[ovs-dev] [PATCH v3] ovn-northd: logical router icmp response should not care about inport

Thu May 26 18:05:18 UTC 2016

On Thu, May 26, 2016 at 12:39:36PM -0400, Flavio Fernandes wrote:
> To be discussed:
> 
> One caveat here is that ttl should be decremented before vm
> reaches <IP2.2>, assuming the ping packet is coming from
> a remote subnet.
> 
> In short, we ideally would have the match augmented to look
> like this.
> 
>   "(inport == %s || ip.ttl > 1) && (ip4.dst == "IP_FMT" || ip4.dst == "IP_FMT") && ...
> 
> Afer talking to Russel [1] it seems that we have either a bug or
> a known limitation on how a match on ip.ttl can be used with the
> greater than operator. I tried a couple of tweaks [2] against a
> test ping with ttl 10 and concluded that both
> negation and greater than are not working as expected.
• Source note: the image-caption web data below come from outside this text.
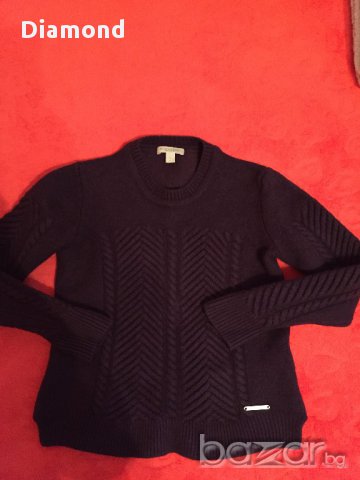 100% Burberry BRIT оригинален дамски пуловер XS, снимка 1 - Блузи с дълъг ръкав и пуловери - 16429359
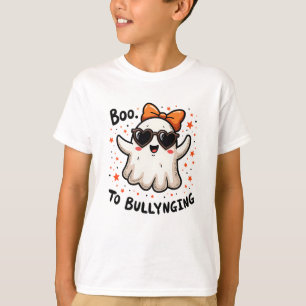 Camiseta Boo para Fantasma Bonito Amargo Moldado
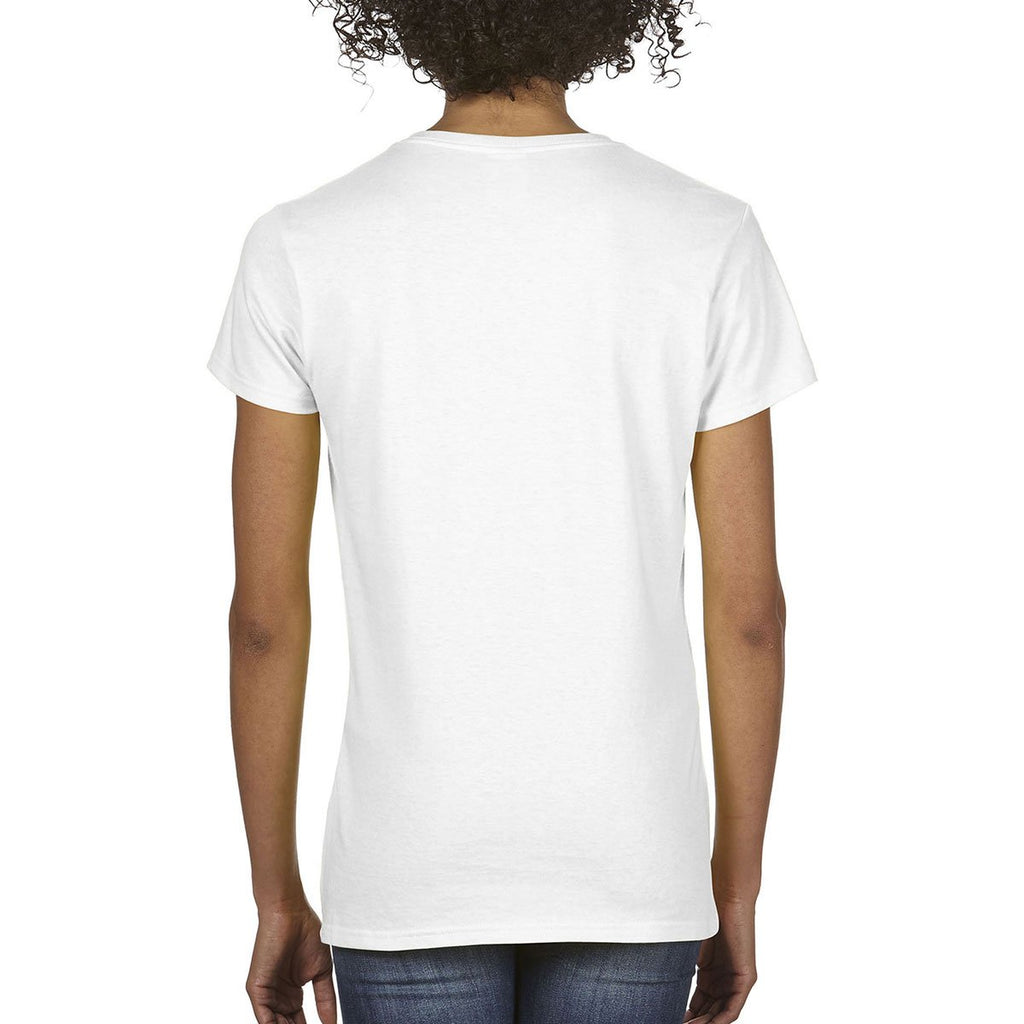 Comfort Colors Women's White Midweight RS V-Neck T-Shirt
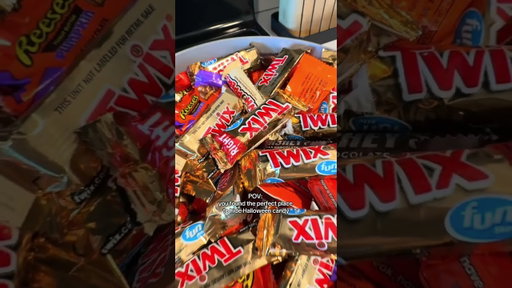 Halloween hack: store your candy where no one will find it 😉🎃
Assuming
> ip.ttl should be supported in the match, there are 3 issues that
> should be followed upon, which may be outside the scope of this
> patch:
>   1) fix/support negation and greater than operator for ip.ttl
>   2) update doc on supported matches (ovn-sb);
>   3) expand unit tests to verify ip.ttl in match

Inequalities are intentionally unsupported for ip.ttl.  You can see this
pretty clearly from ovstest output:

    $ echo 'ip.ttl == 1' | tests/ovstest test-ovn parse-expr
    ip.ttl == 0x1
    $ echo 'ip.ttl > 1' | tests/ovstest test-ovn parse-expr
    Only == and != operators may be used with nominal field ip.ttl.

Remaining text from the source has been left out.